Bem, isso não tem a absoluta relevância.
Outra congruência é com Albert Camus. Também um filósofo que escreve romances. E ele mesmo diz que para filosofar era preciso escrever romances. E ela o faz muito bem. Paloma parece, desde o princípio possuir essa afinidade (eletiva?) com a filosofia de Camus. A vida não tem sentido, ela é absurda por excelência e, simplesmente, não vale a pena viver. Camus, no Mito de Sísifo, começa com essa questão. Não interessa mais nada, se a vida tem cinco ou dez dimensões, se a alma tem cinco ou dez vida, nada disso importa, o que vale a pena saber é se essa vida, a única vida que temos a absoluta certeza de existir, vale a pena ou não.
É para colocar a vida no limiar do abismo que Paloma escreve os seus pensamentos profundos e movimentos do mundo. É desse ato de olhar para escrever, e para escrever é preciso olhar além do olhar às coisas, que Paloma consegue extrair da vida as congruências que a fará não mais desistir da vida. E o que percebemos da natureza da congruência é que para acontecer ela exige essa harmonia natural que a faz perpétua e frívola, no tempo exato de cada coisa. Significativa é a passagem em que Paloma encontra o THE movimento. Nele, ela encontra a sua lei que a protagonista perseguiu durante todo o romance, a perfeição de alguma coisa que valesse a pena viver:
"Eu, ao olhar aquela haste e aquele botão, intuí num milésimo de segundo a essência da Beleza. Sim, eu, uma pirralha de doze anos e meio, tive essa chance inacreditável porque, hoje de manhã, todas as condições estavam reunidas: mente vazia, casa calma, lindas rosas, queda de um botão. E foi por isso que pensei em Rosard, sem muito compreender no início: porque é uma questão de tempo e de rosas. Porque o que é bonito é o que captamos enquanto passa. É a configuração efêmera das coisas no momento em que vemos ao mesmo tempo a beleza e a morte.

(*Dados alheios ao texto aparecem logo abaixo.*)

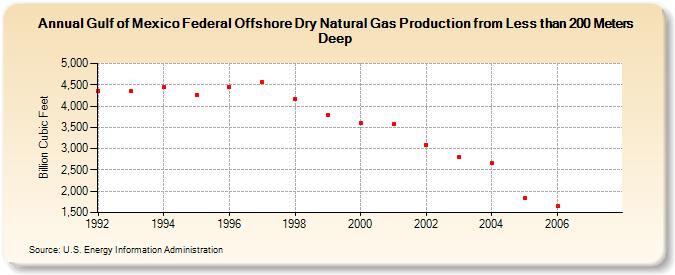 Gulf of Mexico Federal Offshore Dry Natural Gas Production from Less than 200 Meters Deep (Billion Cubic Feet)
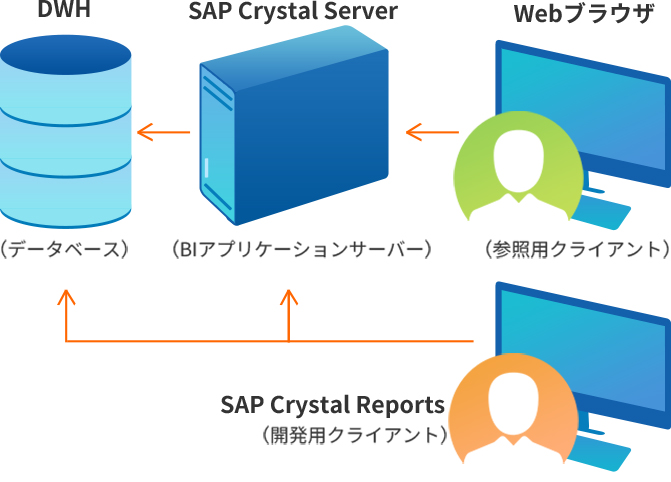 SAP Crystal システム概要構成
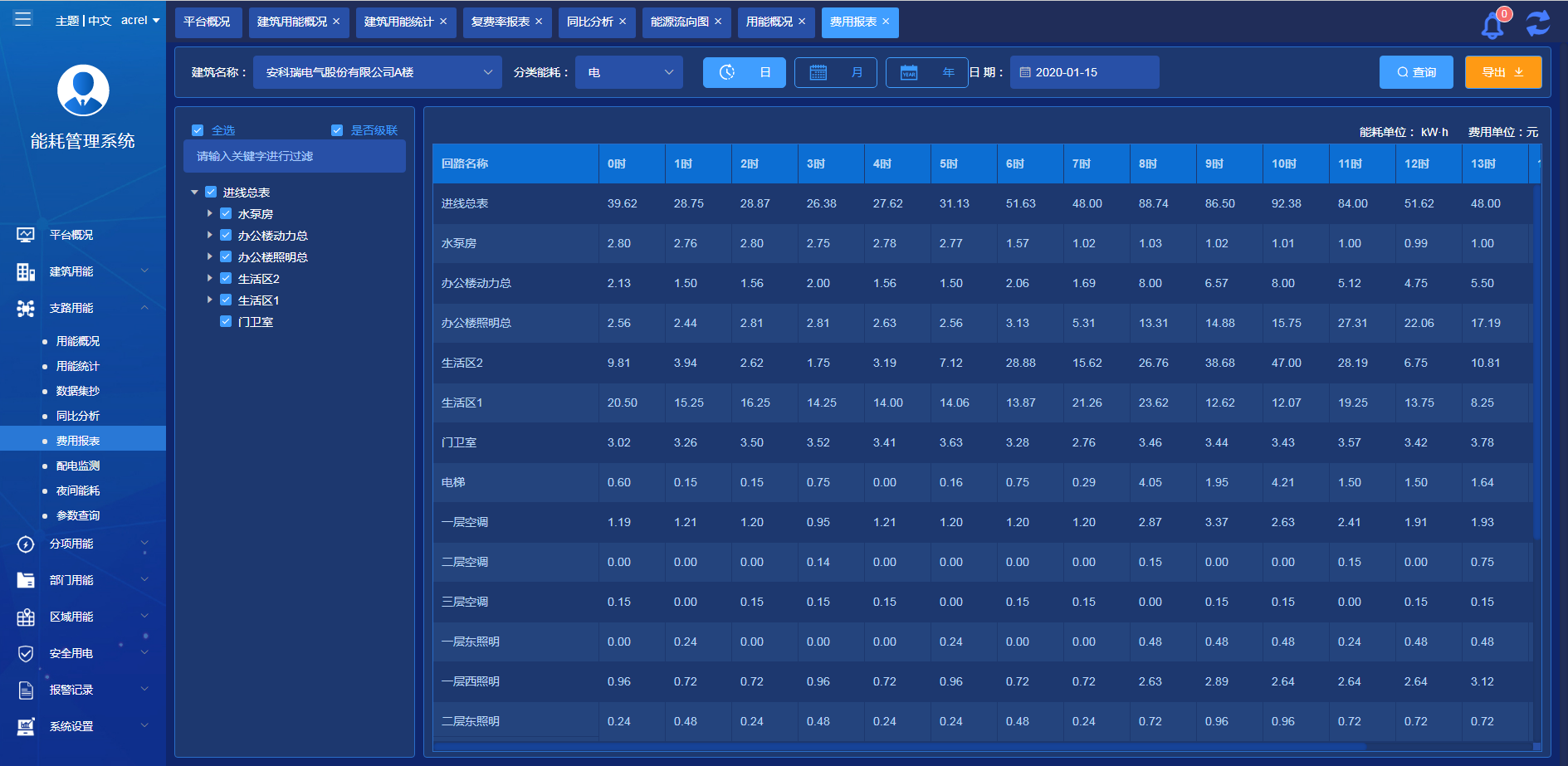 2024新奥今晚开什么213期,数据驱动计划设计_复刻款83.73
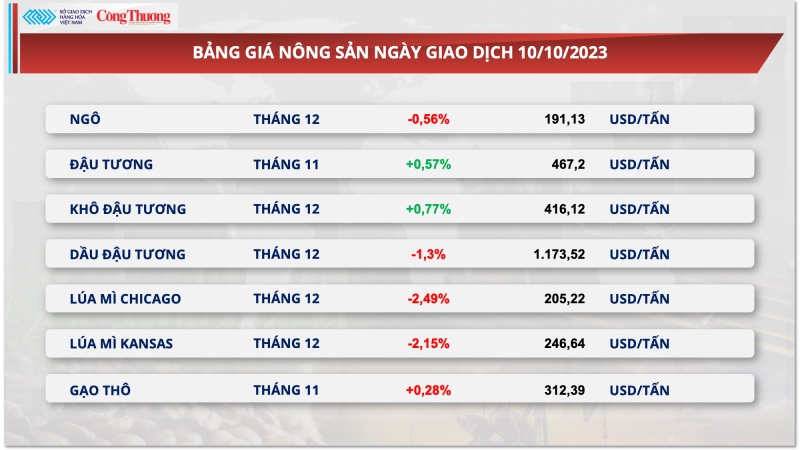 Thị trường hàng hóa hôm nay ngày 11/10/2023: Chỉ số MXV-Index quay đầu giảm nhẹ 0,36%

Ai, ai, ai, pensei, será que isso quer dizer que é assim que temos de viver a vida? Sempre em equilíbrio entre a beleza e a morte, o movimento e seu desaparecimento?

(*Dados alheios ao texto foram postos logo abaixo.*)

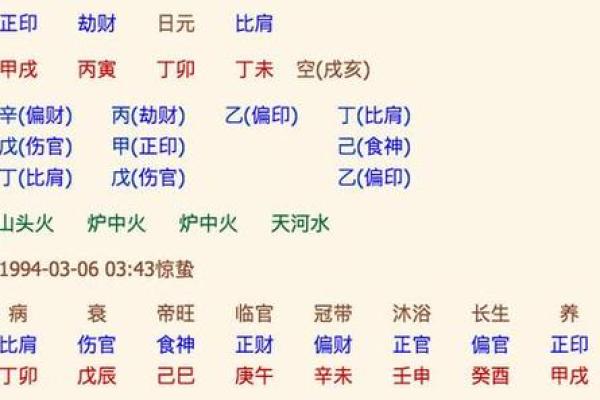 从八字解析，打造命中注定的公司名称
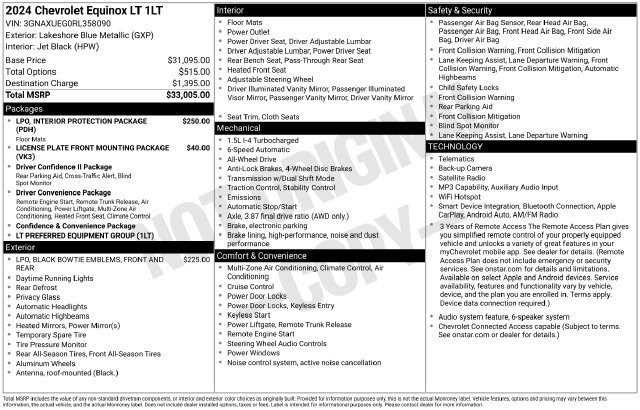 Used 2024 Chevrolet Equinox LT AWD/4WD image 34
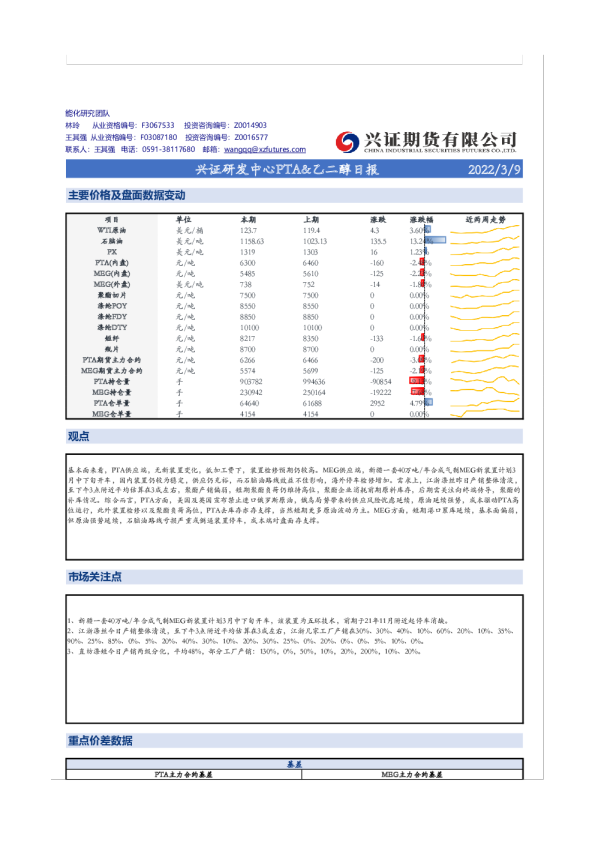 兴证研发中心PTA、乙二醇日报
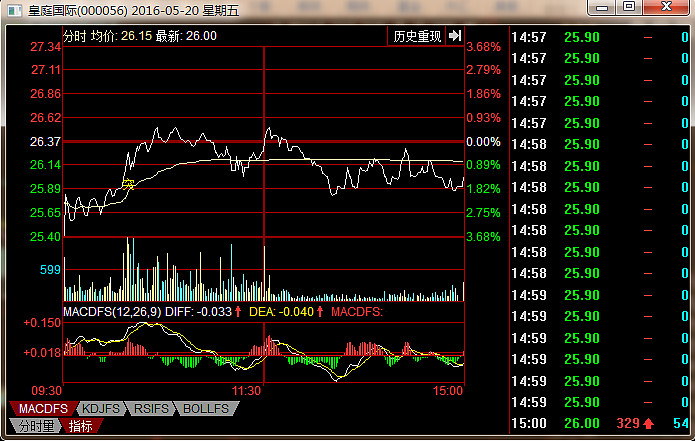 蓝黛科技9月26日龙虎榜数据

Estar vivo talvez seja isto: espreitar os instantes que morrem" (Pág.: 293)
E quão difícil é, e cada vez mais, habitarmos este instante em que todas as condições estão favoráveis para realmente captarmos uma epifania nas pequenas coisas...talvez numa viagem com cabelo ao vento conseguimos olhar para uma paisagem e sentir o movimento e seu desaparecimento com essa eternidade e frivolidade natural dá própria essência do tempo....talvez...

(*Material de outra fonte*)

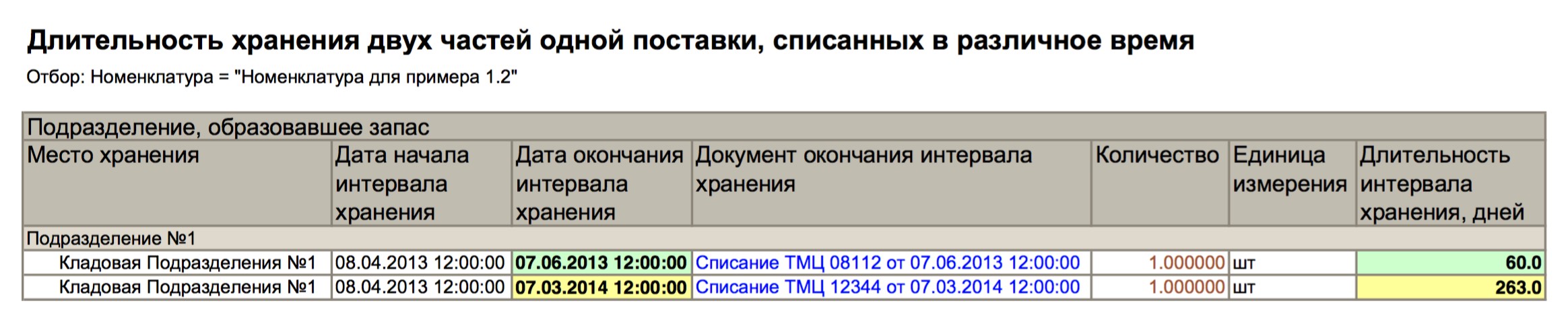 Анализ длительности хранения двух частей одной поставки, списанных в различное время - пример отображения в виде отчета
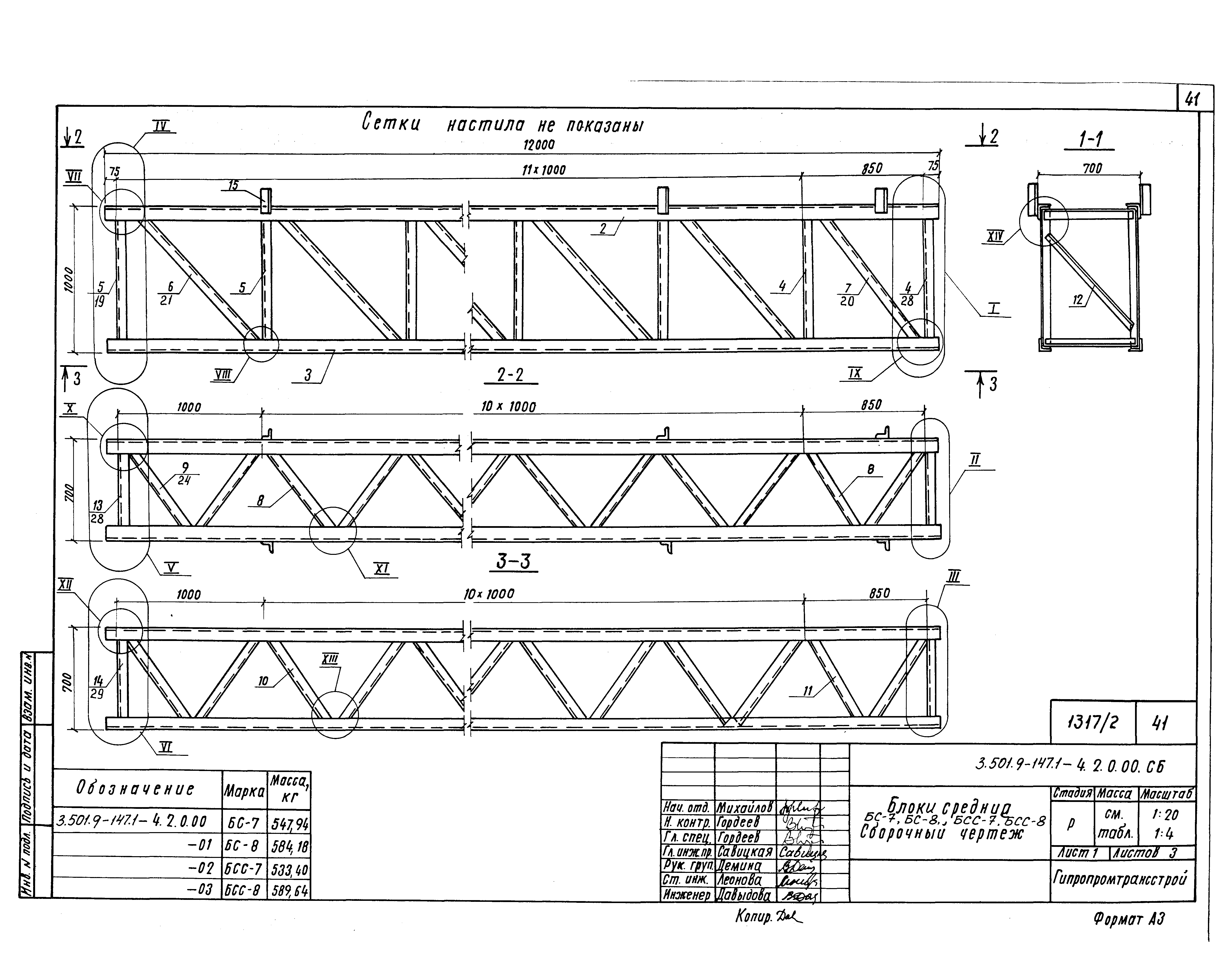 Серия 3.501.9-147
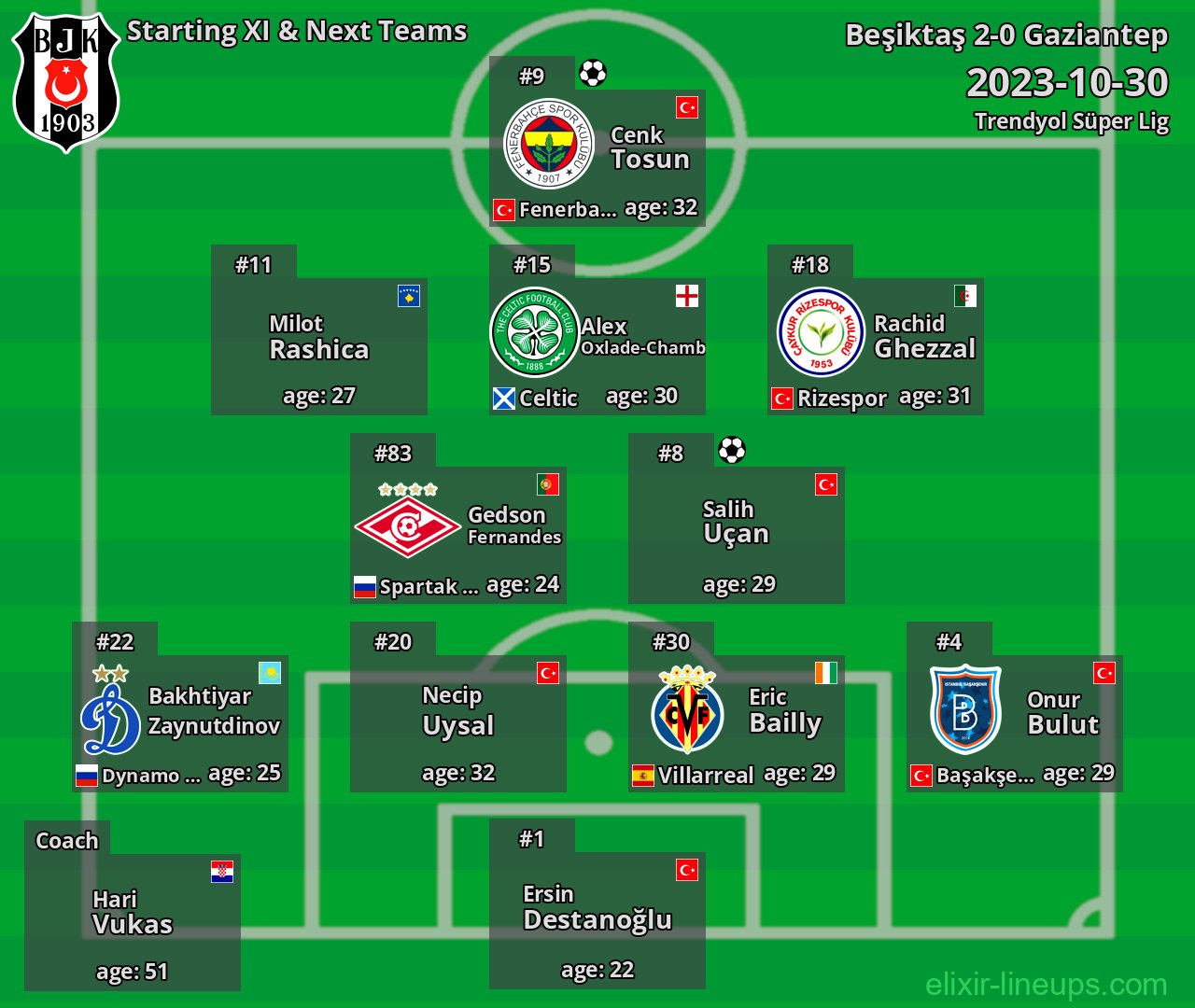 Beşiktaş Starting XI & Next Teams 2023-10-30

Se Paloma procura a congruência do mundo, a harmonia das coisas belas (Kant, na sua Crítica da faculdade de juízo diz que o belo é a harmonia, é o acordo tácito entre as nossas faculdades, a comunhão dos sentidos que o objeto sentido faz... - estou simplificando demais o Kant, coitado, deve estar socando o túmulo de tanta raiva de mim... mas é porque acho que esse texto vai ficar longo demais e você já deve estar se cansando dele...), Renée vive, mesmo sem saber, essa harmonia do destino, a congruência da beleza enredada em si.
Toda literatura é uma doença, todo livro é um livro doente, na voz de Antônio Lobo Antunes. No contraponto intrínseco, toda literatura é uma saúde, uma renascimento, uma tentativa, uma linha de fuga para sair do lugar em que se está. Movimento do ser pela escrita, pela invenção de personagens e dos afectos.